§ **Exercise goal**: Extract the full listing verbatim and drop any pictures from your copy.
══ The data
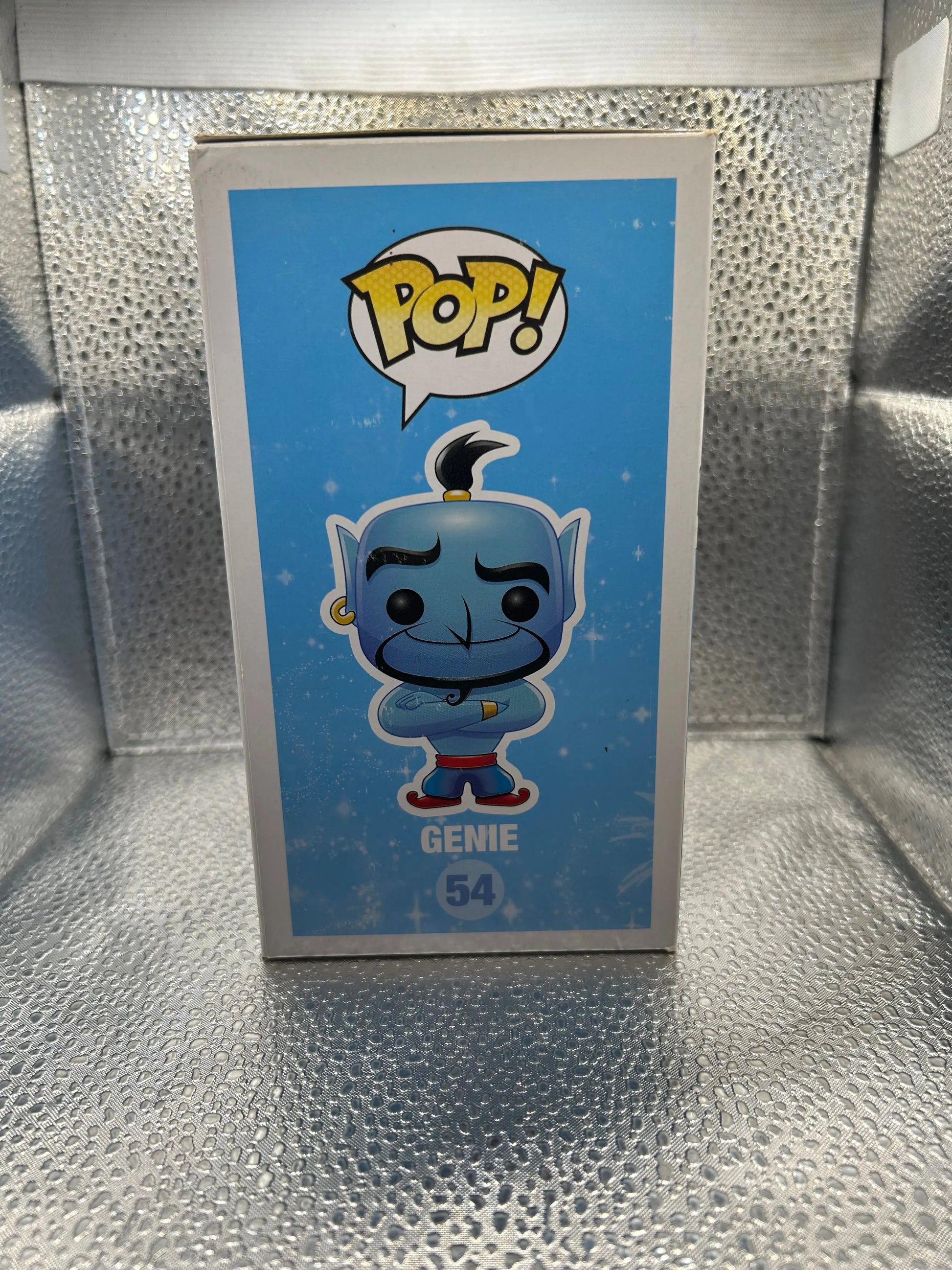 Funko Pop Vinyl #54 Disney Genie FRENLY BRICKS - Open 7 Days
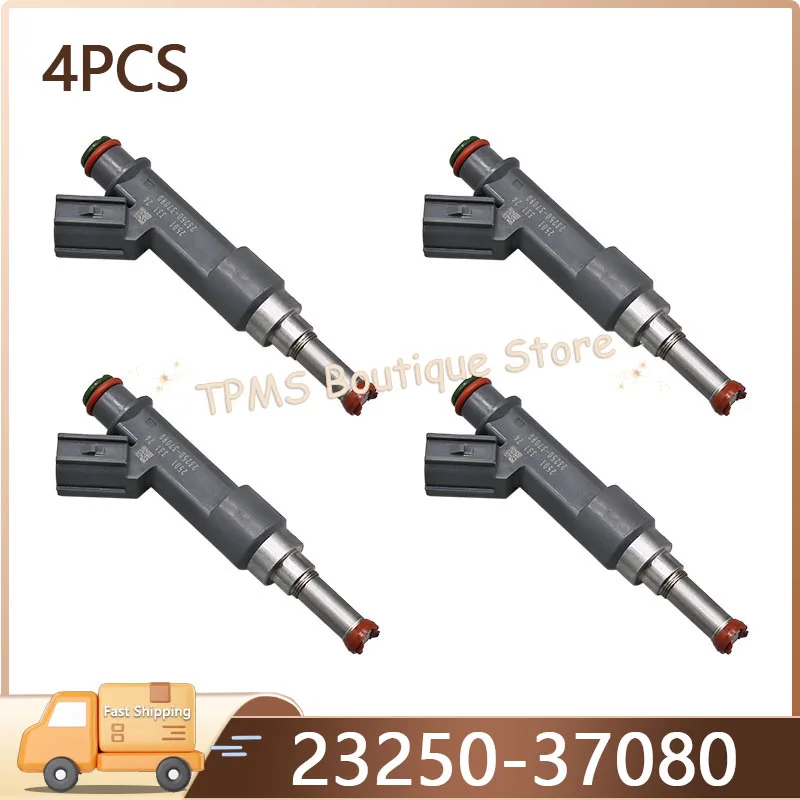 

4 шт. топливная форсунка 23250-37080 2325037080 для Toyota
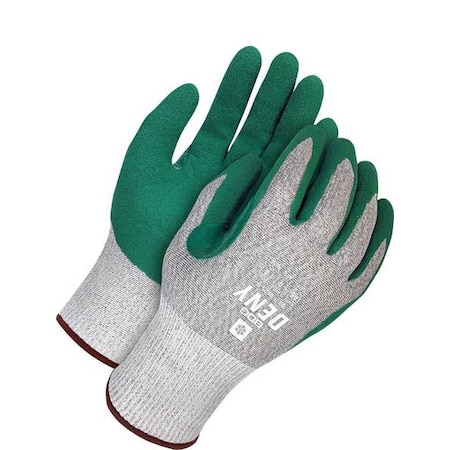 Bdg Cut Resistant Coated Gloves, Cut Level A6 , Dipped , Nitrile , Sandy , S 1 PR 99-9-9625-7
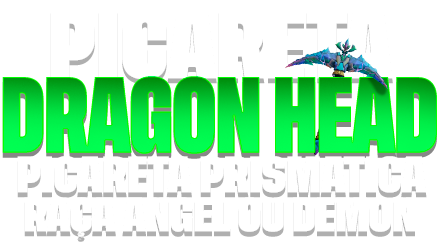 Imagem da oferta LEVEL 200 + PICARETAS DRAGON HEAD, PRISMATICA + RAÇA ANGEL ou DEMONIO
════
§ **Exercise result**:
 Funko Pop Vinyl #54 Disney Genie FRENLY BRICKS - Open 7 Days

4 шт. топливная форсунка 23250-37080 2325037080 для Toyota
 Bdg Cut Resistant Coated Gloves, Cut Level A6 , Dipped , Nitrile , Sandy , S 1 PR 99-9-9625-7
 Imagem da oferta LEVEL 200 + PICARETAS DRAGON HEAD, PRISMATICA + RAÇA ANGEL ou DEMONIO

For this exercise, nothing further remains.